The truth was, Roger had never forgotten the chest--the oaken chest which looked so tempting when he saw it floating down, and Oliver would not stop to catch it,--the stout chest which he knew to be now safe and sound somewhere about the house, unless harm had happened to it during the night. Oliver agreed that it was of importance to bring this chest on sh.o.r.e: and the boys lost no time in doing it. Mildred came out with George to watch their proceedings, and found that Oliver had already made one trip, and brought over some articles of use and value. He came up to his sister, with something which he held carefully covered up in both hands. He said gravely--

"Here, dear, put this in some safe place,--where no one will know of it but you and me."
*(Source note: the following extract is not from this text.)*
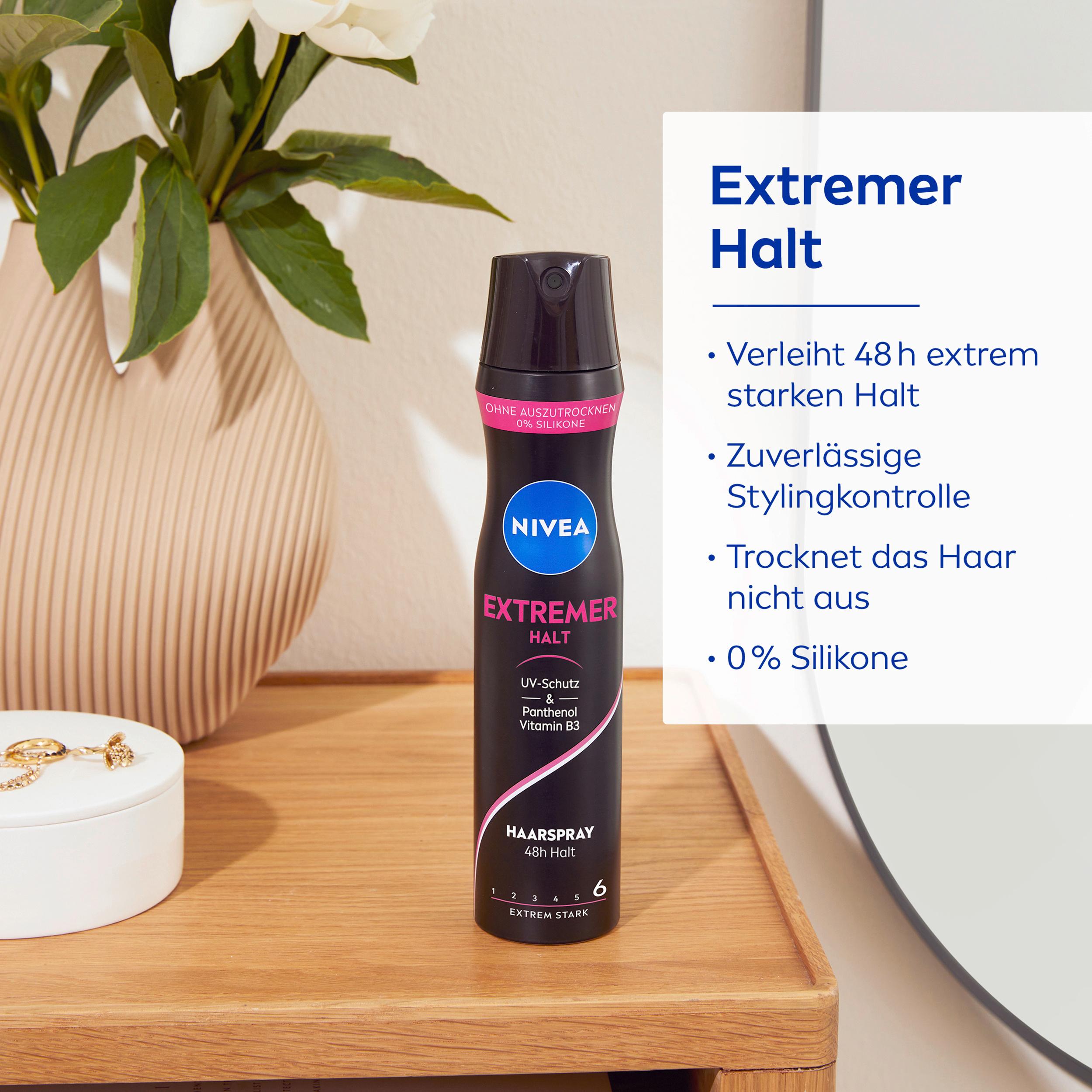 Produktbild NIVEA Extremer Halt Haarspray Extre m Stark 6 von 6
"A watch!--mother's watch!"

"I found it, with several things in her cupboard, thrown down by the wall breaking."

"It does not seem to be hurt," observed Mildred. "And how often you have wished for a watch!"

"I think I shall never wish for anything again," said Oliver. Mildred saw his face as he turned away, and began to consider where she could put the watch, so that it might be safe, and that Roger might not see it, nor Oliver be reminded of it.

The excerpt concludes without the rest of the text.